Pastel Portraits with Liz Turner

Liz Turner, who is a member of Peninsula Arts Society, paints wonderfully expressive portraits with lovely glowing colours. Liz worked on two different portraits, one of a red-haired young girl, and another a young man with a mop of curly dark hair.

Liz Turner - monochrome photo reference of a young girl and tonal study.

Photo reference and tonal study

Working from photo references, she began the girl’s portrait with a rough monochrome tonal study to map out the key darks. Using this as a guide, she began blocking in the dark tones, highlights and a blue background. Liz explained that tones create the base of the painting. If they are strongly rendered and correctly placed, you can’t go wrong when it comes to adding the colour.

For applying large areas of colour and tone, Liz used pan pastels applied with a rag or applicator with a removable foam tip.

Liz Turner - blocking in lights and dark tones on a pastel portrait painting of a young girl.

Liz Turner – blocking in lights and darks

With pastel sticks she began adding accents of colour, paying careful attention to the balance of cool and warm colour in the composition. She blended and softened some areas and edges, but left the lines of pigment in others, creating an expressive variety of texture and colour throughout the work. Liz prefers an ‘’unfinished’’ look to her work so avoids over blending. She uses a variety of soft brushes for blending.

Pastel sticks and foam-tipped applicator

Pastel sticks and foam-tipped applicator

Small details, such as detail in the eyes were added using pastel pencils and any blending was done with a tiny foam applicator. Liz shared with us her observation that ‘’eyes are never white’’.

Blending tools, pastel pencils and pan pastels

Blending tools, pastel pencils and pan pastels

It was interesting to watch Liz constantly referring back to her reference. She maintains that you have to be able to see things properly before you can paint them properly. For example, if you observe closely, you will see that facial shadows often have a subtle green tinge. She took great care in placing shadows on the face, as these are what define the facial features like the nose and jawline. Liz said the more experienced you become in portraiture, the more you learn about the structure of the face, so even when you work from a 2D photo, you can model, for example, a convincing jawline.

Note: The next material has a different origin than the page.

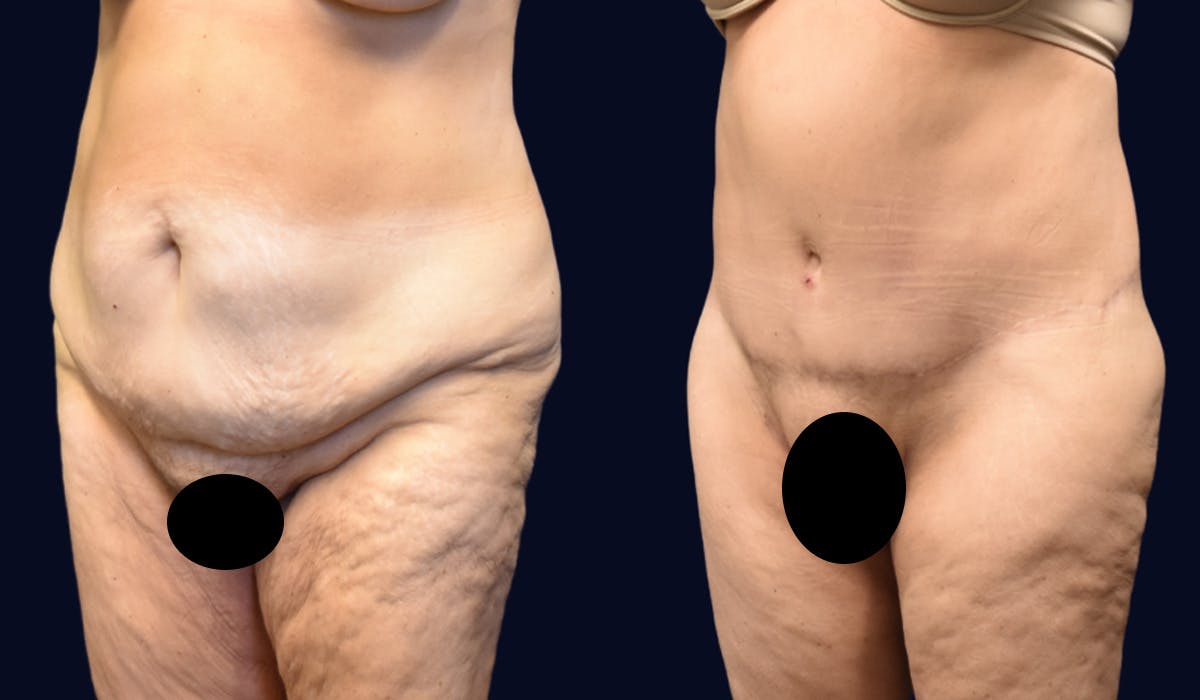 Thigh Lift with Liposuction Before & After Gallery - Patient 217175 - Image 2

Adding colour hghlights to the girl's hair.

Adding colour hghlights.

Liz says the hardest thing is knowing when to stop so you do not overwork the painting, but stop she did, and moved on to her second portrait.

Liz Turner - pastel portrait of a young red-haired girl.

Liz Turner – pastel portrait

The second portrait had a very different starting point. Liz brought along a coloured under painting in acrylic inks, painted over expressive black linework drawn with a sharpie. For this technique Liz recommends using either watercolour paper or primed canvas, so the surface does not buckle when applying wet media.

Photo reference and under painting with an initial layer of pastel.

Photo reference and under painting with an initial layer of pastel.

She added layers of coloured pastel using the same techniques she used with the first portrait, and the result was striking.

Detail of a pastel portrait by Liz Turner


Liz Turner working on a portrait of a young man with long, dark curly hair created in acrylic ink and pastel.

Liz Turner

In a couple of hours, Liz created two very different yet equally compelling portraits; a lovely red- haired young girl with an infectious smile that made you want to smile back at her, and a very vibrant young man whose face just jumped out of the painting and whose energy shone through the work.

Acrylic and pastel portrait by Liz Turner of a young man with long curly black hair against a vibrant blue background.